*ACTIVITY*:
The required output is a single number: how many lines of the material contain the string "image".

*DATA TO PROCESS*:
=-=-=

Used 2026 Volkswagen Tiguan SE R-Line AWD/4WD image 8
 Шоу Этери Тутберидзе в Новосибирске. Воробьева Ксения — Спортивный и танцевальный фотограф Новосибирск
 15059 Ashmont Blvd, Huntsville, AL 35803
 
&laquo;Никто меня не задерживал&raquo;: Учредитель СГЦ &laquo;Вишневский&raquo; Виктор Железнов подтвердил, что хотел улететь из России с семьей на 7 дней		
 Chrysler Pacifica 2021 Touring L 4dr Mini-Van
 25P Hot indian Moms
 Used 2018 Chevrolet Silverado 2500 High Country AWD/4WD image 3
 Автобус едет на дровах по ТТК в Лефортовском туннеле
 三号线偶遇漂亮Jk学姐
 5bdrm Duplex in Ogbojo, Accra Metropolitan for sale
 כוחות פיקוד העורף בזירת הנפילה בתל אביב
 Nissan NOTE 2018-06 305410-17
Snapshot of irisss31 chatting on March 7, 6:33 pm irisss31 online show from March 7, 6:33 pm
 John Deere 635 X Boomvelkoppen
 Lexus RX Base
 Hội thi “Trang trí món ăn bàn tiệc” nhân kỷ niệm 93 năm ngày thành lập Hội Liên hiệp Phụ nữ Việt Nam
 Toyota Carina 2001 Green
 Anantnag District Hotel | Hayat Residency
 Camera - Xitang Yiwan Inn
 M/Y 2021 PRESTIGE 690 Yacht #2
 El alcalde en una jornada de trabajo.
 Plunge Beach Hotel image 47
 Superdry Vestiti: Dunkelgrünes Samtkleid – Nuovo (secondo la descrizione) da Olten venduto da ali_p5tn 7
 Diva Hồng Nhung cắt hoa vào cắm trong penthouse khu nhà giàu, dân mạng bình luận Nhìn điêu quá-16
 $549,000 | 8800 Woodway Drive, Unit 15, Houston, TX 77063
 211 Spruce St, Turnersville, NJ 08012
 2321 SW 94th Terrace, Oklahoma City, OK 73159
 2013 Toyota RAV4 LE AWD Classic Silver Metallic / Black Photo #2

=-=-=

*OUTPUT OF THE TASK*:
3